# Principles into Practice¶

Let's put the principles from last chapter into code. Here is the pseudocode:

1. All of your import functions
3. Split your data into 2 subsamples: a "test" and "train" portion as in this page or this page or this page. This is the first arrow in the picture below.[^pic] We will do all of our work on the "train" sample.
4. Before modelling, do EDA (on the training data only!)

• Sample basics: What is the unit of observation? What time spans are covered?
• Look for outliers, missing values, or data errors
• Note what variables are continuous or discrete numbers, which variables are categorical variables (and whether the categorical ordering is meaningful)
• You should read up on what all the variables mean from the documentation in the data folder.
• Visually explore the relationship between v_Sale_Price and other variables.
• For continuous variables - take note of whether the relationship seems linear or quadratic or polynomial
• For categorical variables - maybe try a box plot for the various levels?
• Now decide how you'd clean the data (imputing missing values, scaling variables, encoding categorical variables).
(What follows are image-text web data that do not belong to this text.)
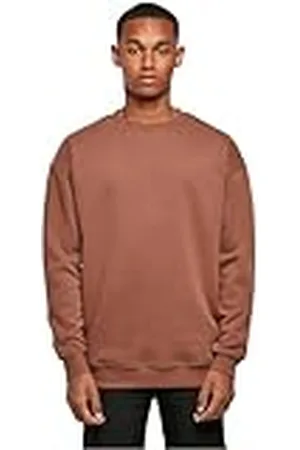 Build Your Brand Sweatshirt crewneck heren, , S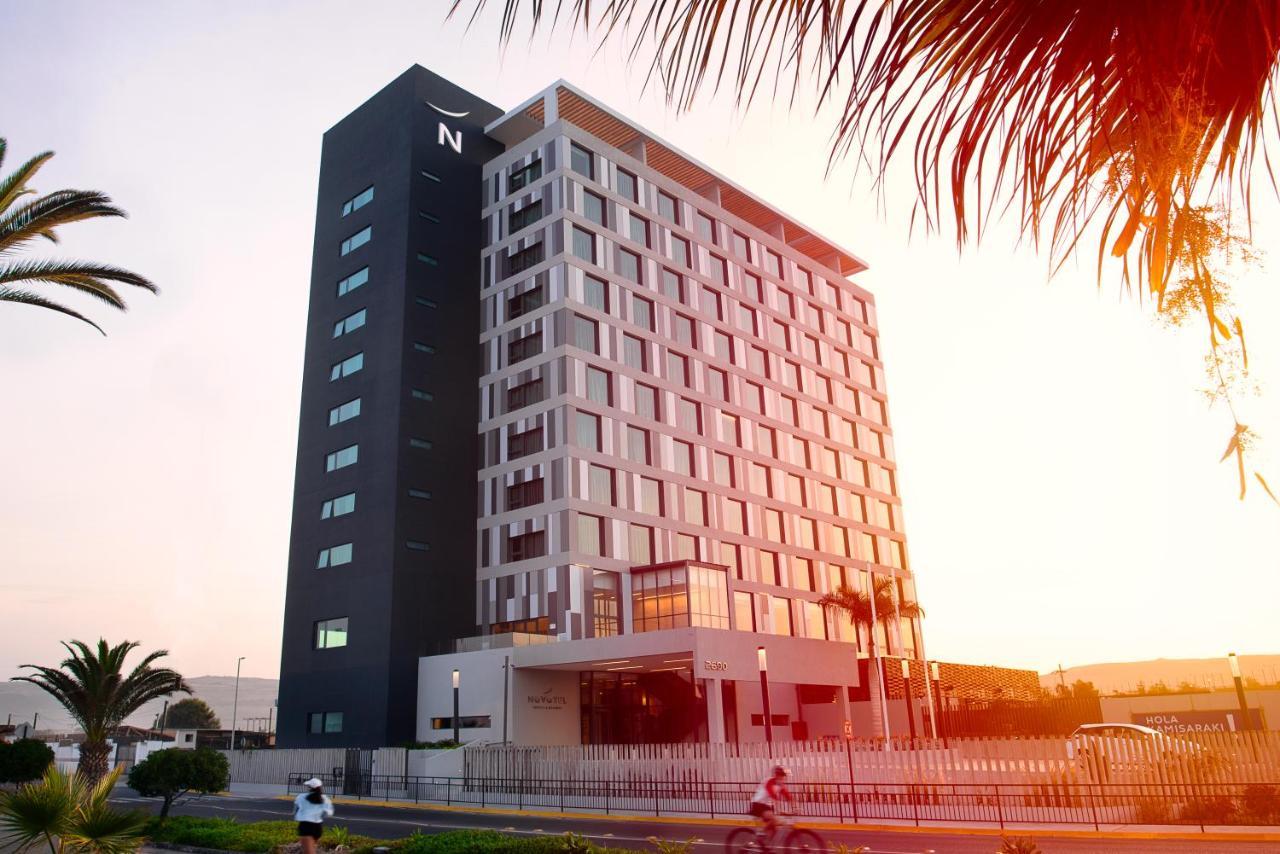 Novotel Arica Exterior photo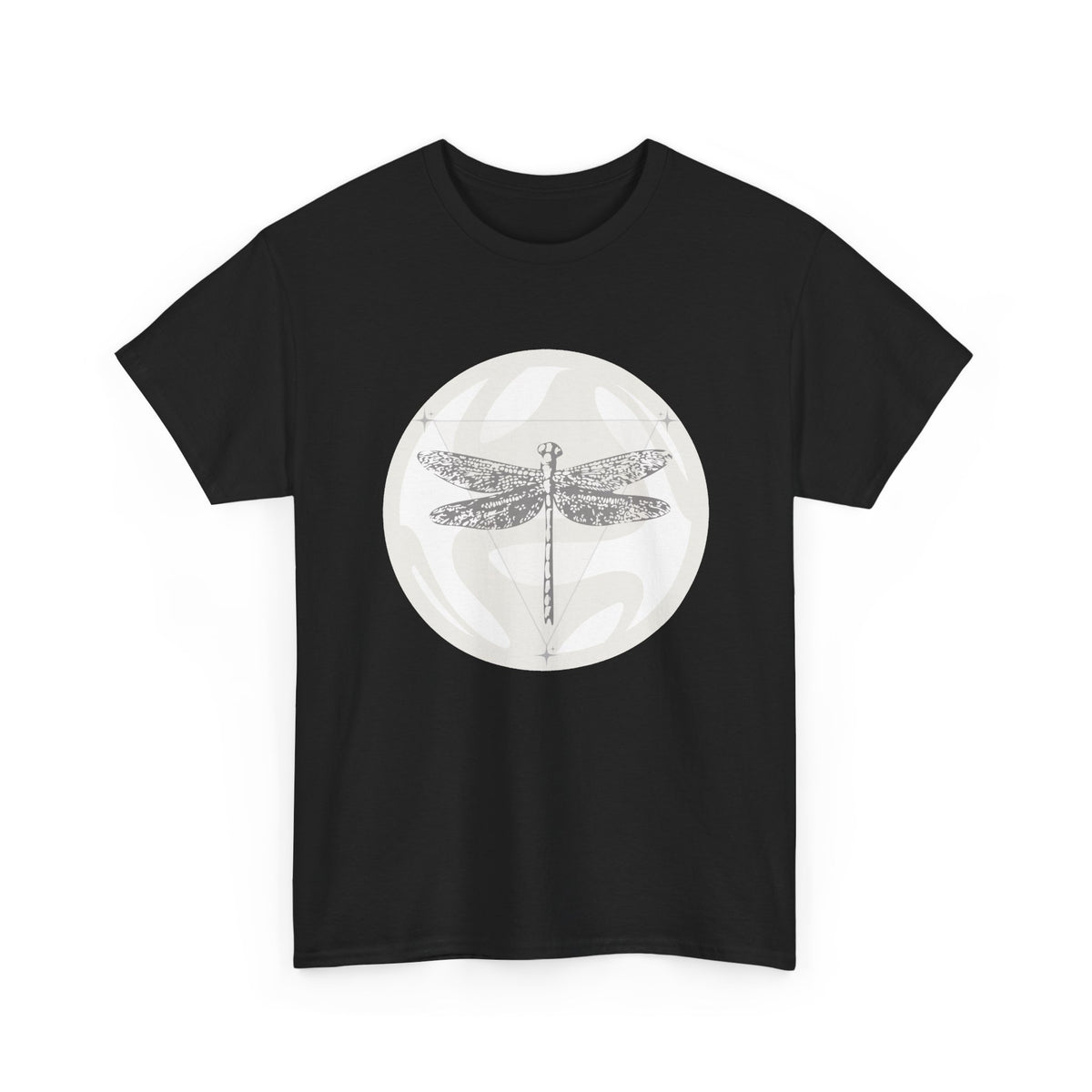 Dragonfly T-Shirt — Nature Graphic Tee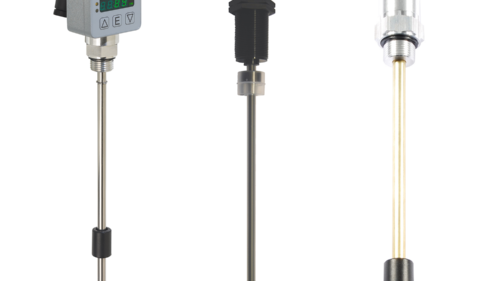 Level and Temperature Sensors from Engler
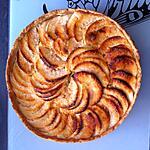 recette Tarte normande aux pommes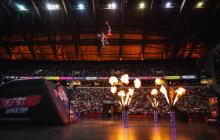 Espectacle Frrestyle a Lisboa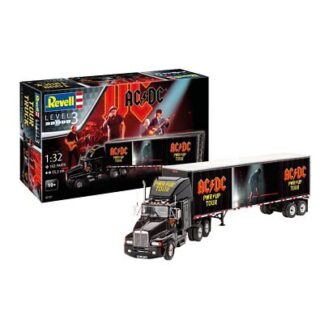 1/32 Scale AC/DC "Power Up" Truck Revell - 7731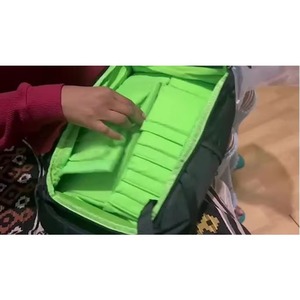 Mochila para cámara Concept, modelo de muestra gratuita, estuche rígido para cámara DSLR con compartimento para portátil de 15-15.6 pulgadas - Product Image 6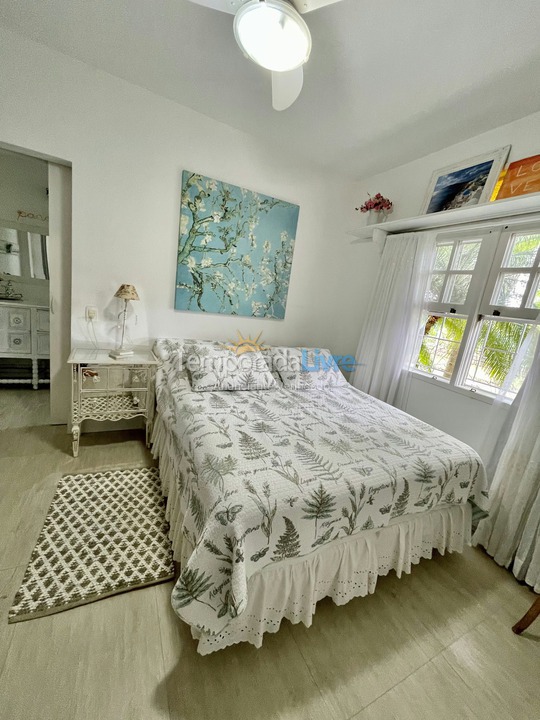 House for vacation rental in Florianópolis (Cachoeira do Bom Jesus)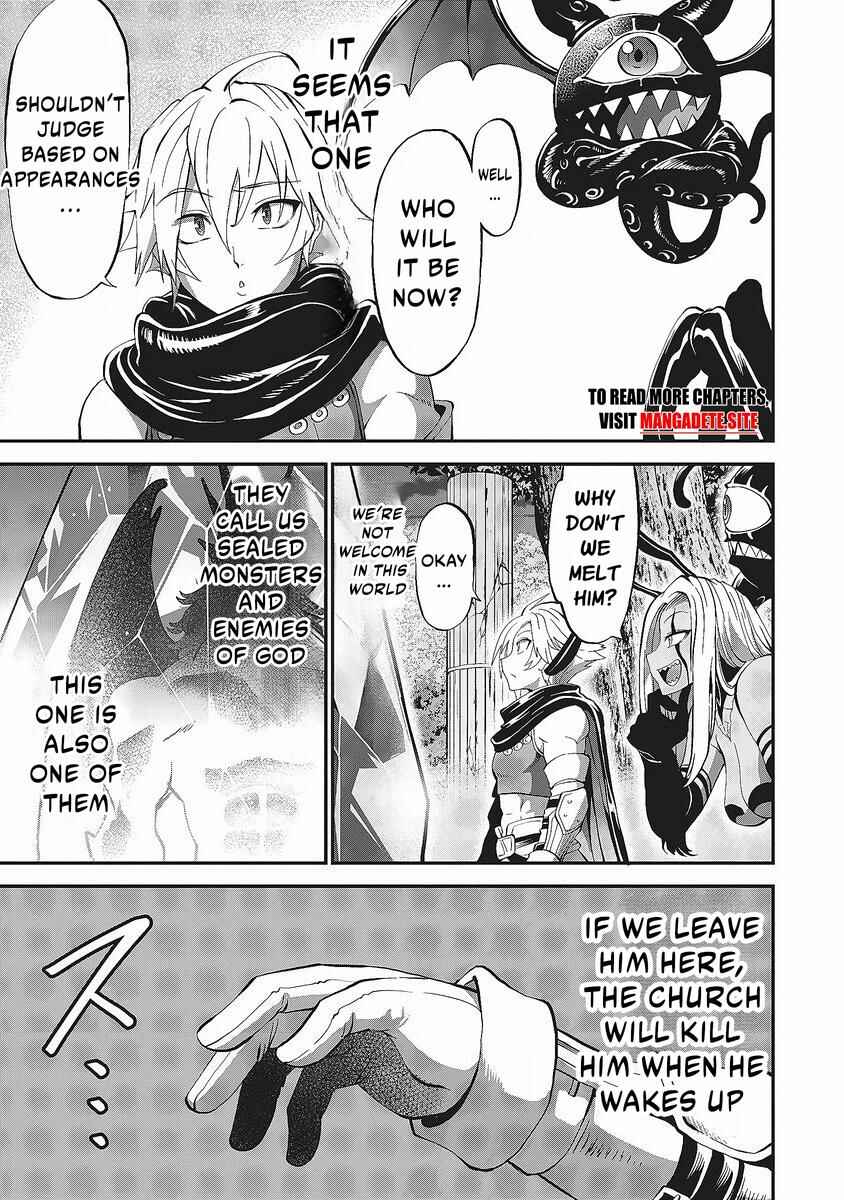 Page 30 Chapter 1.2 Shin Sekai Builders! ~Class 24 Karada de Ikinokore~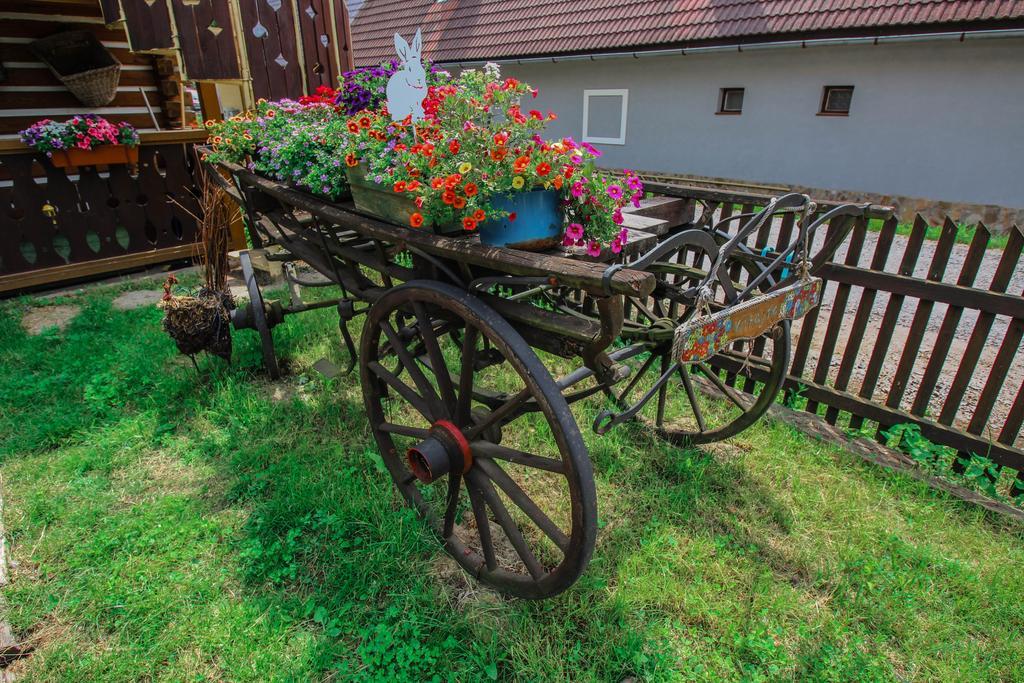 Penzion Stary Hostinec Banska Stiavnica Ngoại thất bức ảnh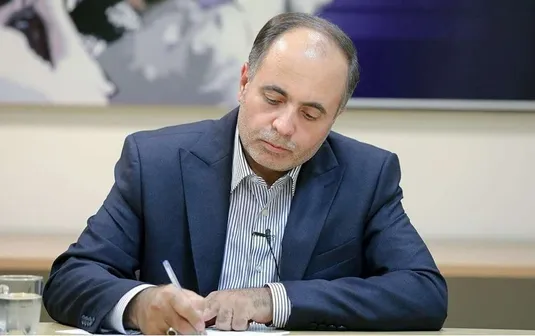 نماینده وزارت جهاد کشاورزی در دبیرخانه شورای عالی مناطق آزاد منصوب شد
These lessons will go into the preprocessing portion of your pipeline below. The sklearn guide on preprocessing is very informative, as this page and the video I link to therein.
5. Prepare to optimize a series of models (covered here)

1. Set up one pipeline to clean each type of variable
2. Combine those pipes into a "preprocessing" pipeline using ColumnTransformer
3. Set up your cross validation method:
• The picture below illustrates 5 folds apparently based on the row number.
• There are many CV splitters available, including TimeSeriesSplit (a starting point for asset price predictions) and GroupTimesSeriesSplit is in development (which addresses a core problem with TimeSeriesSplit, and is shown in practice here)
4. Set up your scoring metric as discussed here
6. Optimize candidate model 1 on the training data
1. Set up a pipeline that combines preprocessing, estimator
2. Set up a hyper param grid
3. Find optimal hyper params (e.g. gridsearchcv)
4. Save pipeline with optimal params in place
7. Repeat step 6 for other candidate models
8. Compare all of the optimized models
# something like...
for model in models:
cross_validate(model, X, y,...)


Here is that outline, but as a block of code you can use as a blueprint in projects:

In [ ]:
# import lots of functions
# split to test and train (link to split page/sk docs)

## pre-modeling (on the training data only!)

# do lots of EDA
# look for missing values, which variables are what type, and outliers
# figure out how you'd clean the data (imputation, scaling, encoding categorical vars)
# these lessons will go into the preprocessign portion of your pipeline

## optimize a series of models

# set up pipeline to clean each type of variable (1 pipe per var type)
# combine those pipes into "preprocess" pipe
# set up cv (can set up iterable to do OOS! or TimeSeriesSplit, or...)
# set up scoring

## optimize candidate model type #1:

#     set up pipeline (combines preprocessing, estimator)
#     set up hyper param grid
#     find optimal hyper params (gridsearchcv)
#     save pipeline with optimal params in place
#     (Note: you should spend time interrogating model predictions, plotting and printing.
#     Does the model struggle predicting certain obs? Excel at some?)

## optimize candidate model type #2

...

## optimize candidate model type #N

## compare the N optimized models

# build list of models (each with own optimized hyperparams)
# for model in models:
#    cross_validate(model, X, y,...)
# pick the winner!